An investment fund was denied, and price is plummeting.
In February, bitcoin reached its highest value ever in the history of the currency, and earlier this month was priced higher than gold. Investors and enthusiasts were elated, but cautious. The steep rise in value was largely attributed to an anticipated ruling by the Securities and Exchange Commission on a proposed bitcoin investment fund, headed up by the Winklevoss twins.
On Friday, the SEC denied the fund. Now, bitcoin's future seems less certain than it did just days ago, and its massive price gains hang in the balance.
The Winklevoss Bitcoin Trust, if approved, would have held bitcoins and issued shares to investors, who would have gotten a return only if the price of bitcoin rose. According to an SEC filing explaining the department's decision on Friday, the trust was denied because the vast majority of the bitcoin ecosystem is currently unregulated.

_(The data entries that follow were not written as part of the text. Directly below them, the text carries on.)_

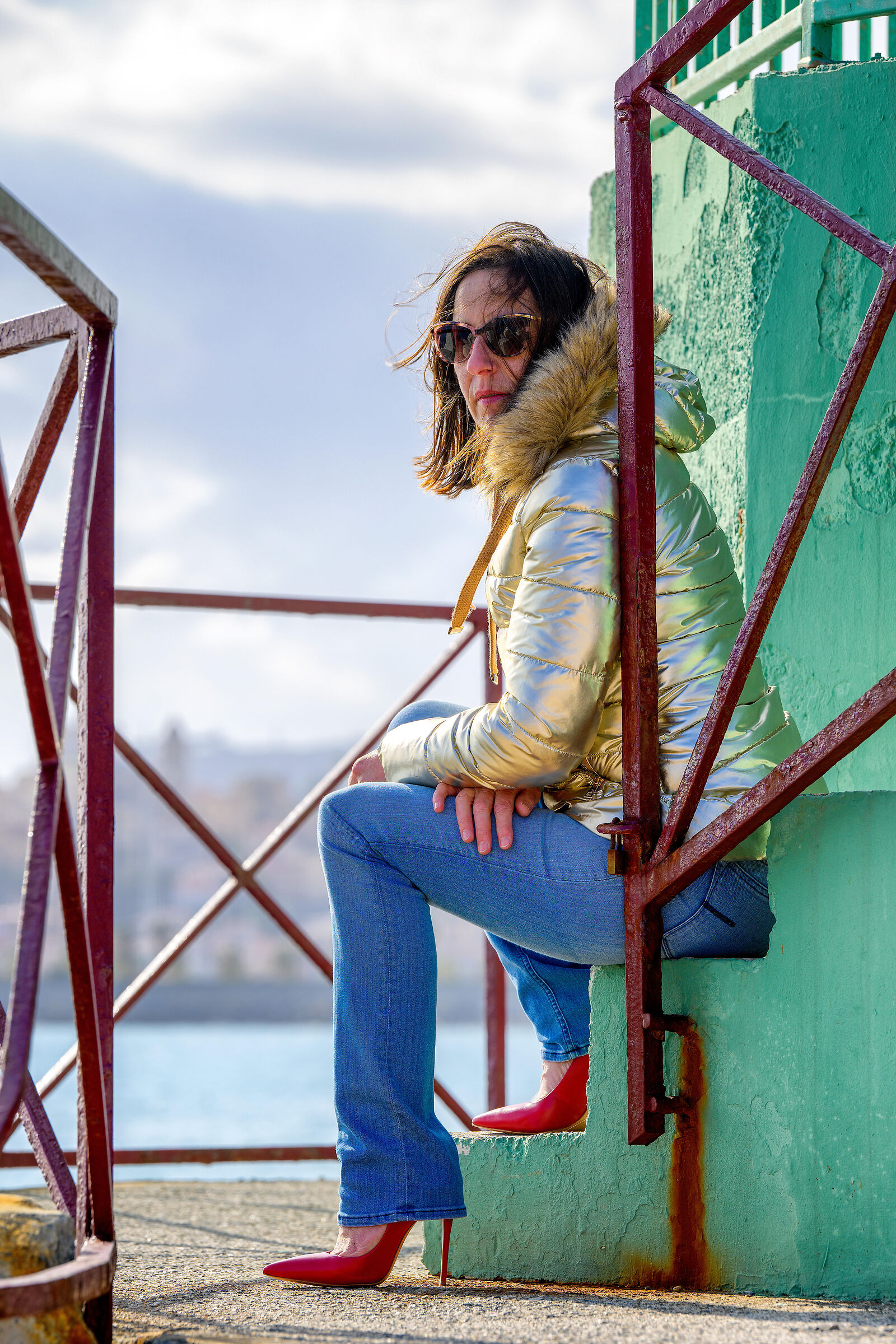 Ritratto sul Faro | Nikon Z9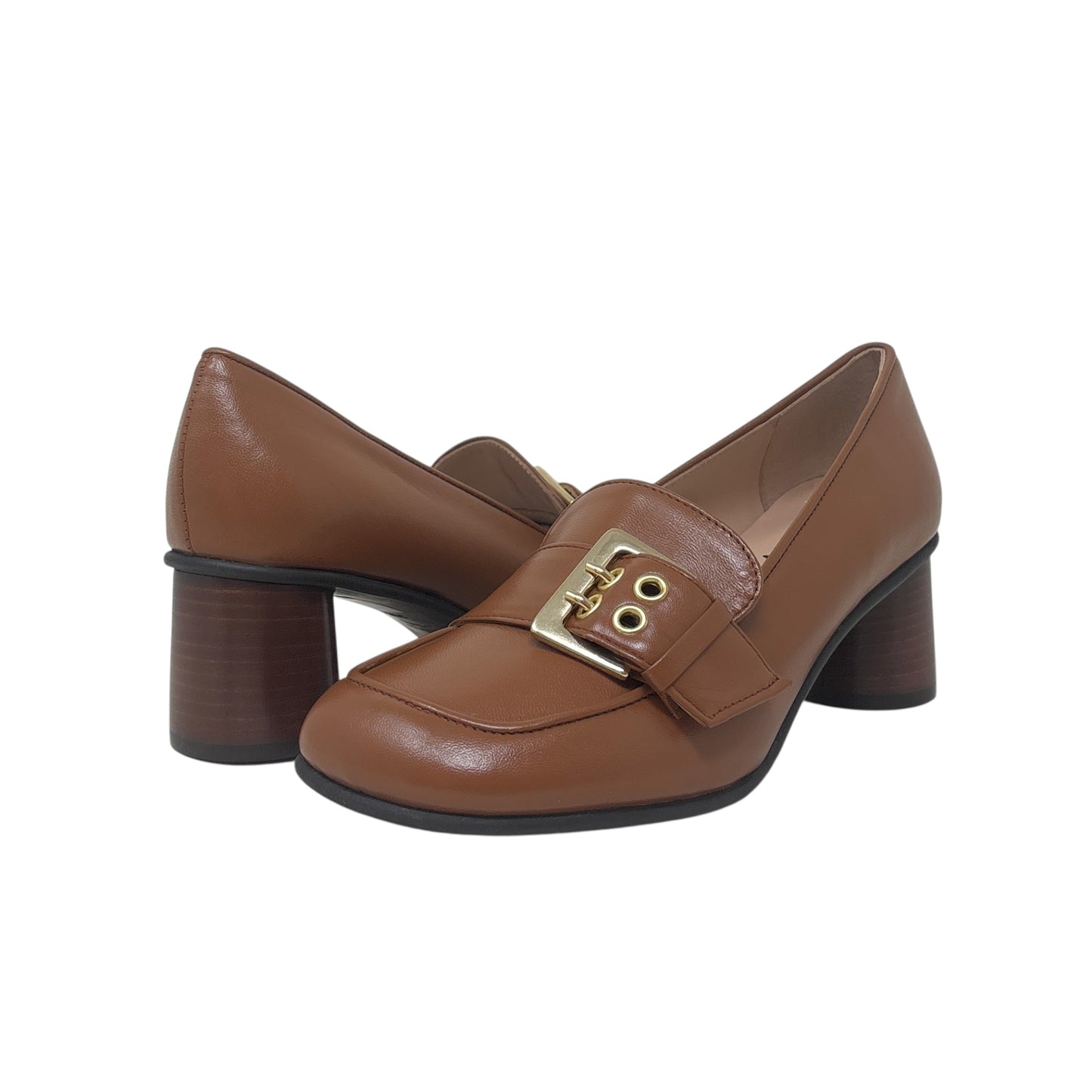 CRISTINA MILLOTTI | SABINA | TAN LEATHER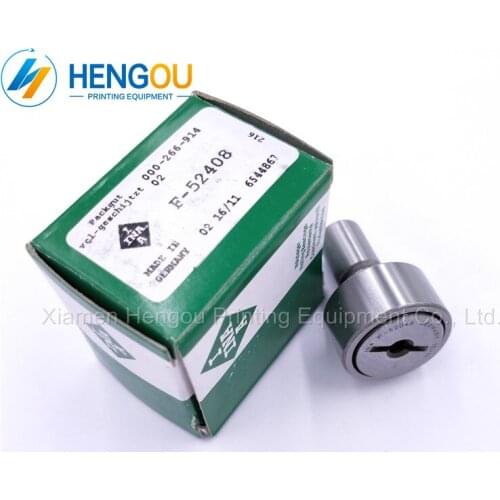 Free shipping 2 pieces F-52408 00.550.0436 cam follower F-52048 GTO52 INA bearing 22x10x33 GTO SM52 offset printer parts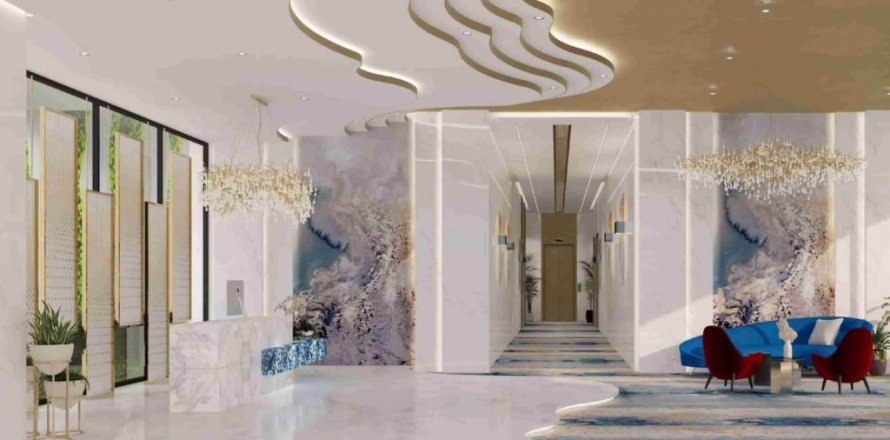 Apartament w Al Furjan, Dubai, ZEA 3 sypialnie, 148.087 mkw. nr 136011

Simply put, the SEC's decision largely hinged on the principle that the assets underlying a fund should be resistant to price manipulation. And, the SEC filing claims, since a large number of bitcoin exchanges—where coins are traded—are unregulated and outside the US, the Winklevoss Trust can't meet this requirement.
Bitcoin is already seeing the disastrous effects of a misfired round of speculation. While the price of a single bitcoin was trending above $1300 just hours before the SEC's decision, the price immediately plummeted to just above $1000 in the minutes after.
All this is to say: Pray for the bitcoiners.